Just a quick post to a recent article on the costs associated with ineffective enterprise search.

Tidbits include:

  • According to IDC, a company with 1,000 information workers can expect more than $5M in annual wasted salary costs because of poor search.
  • A recent survey of 1,000 middle managers found that more than half the information they find during searching is useless.
  • According to Butler Group, as much as 10% of a company’s salary costs are wasted through ineffective search.
  • According to Sue Feldman of IDC, people spend 9-10 hours per week searching for information and aren’t successful 1/3 to 1/2 the time.

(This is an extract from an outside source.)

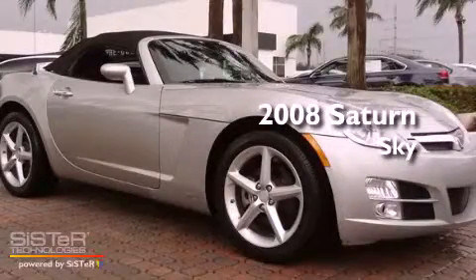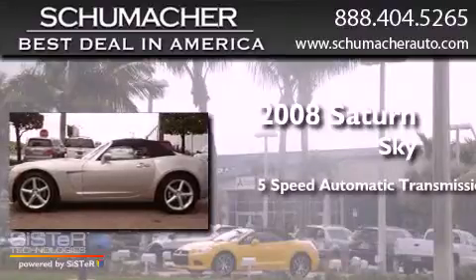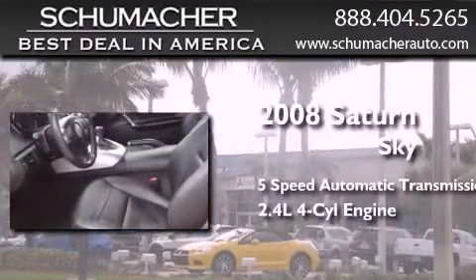This is a 2008 Saturn Sky. This car has a 5-speed automatic transmission and an inline 4-cylinder engine.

As I always say, there’s a reason why “enterprise search sucks” returns over 1M hits on Google, including posts from luminaries such as John Udell and Tony Byrne.

While Mark Logic is not out to solve the generic enterprise search problem, I have long believed that enterprise search, as a catgory, will become stuck between a rock and a hard place.

  • The rock is the commoditization of the low-end enterprise search market through offerings like the Google Appliance and IBM OmniFind Yahoo Edition. This will suck the money out of the low end, the generic crawl-and-index market.
  • The hard place is DBMSs — specifically, DBMS-based content applications built to help people in specific roles perform specific tasks. Some people build these applications today by trying to bolt together an enterprise search engine and a DBMS (e.g., Oracle + Verity or Lucene + MySQL), but increasing I believe people will use XML content servers (special-purpose DBMSs designed to handle content) for this purpose.

When you think about it, an inverted keyword index can only help you so much when trying to solve a problem — even if you gussy it up with taxonomies and sexy extraction technology. In the end, an application designed to solve a specific problem will trump a souped-up tool every time.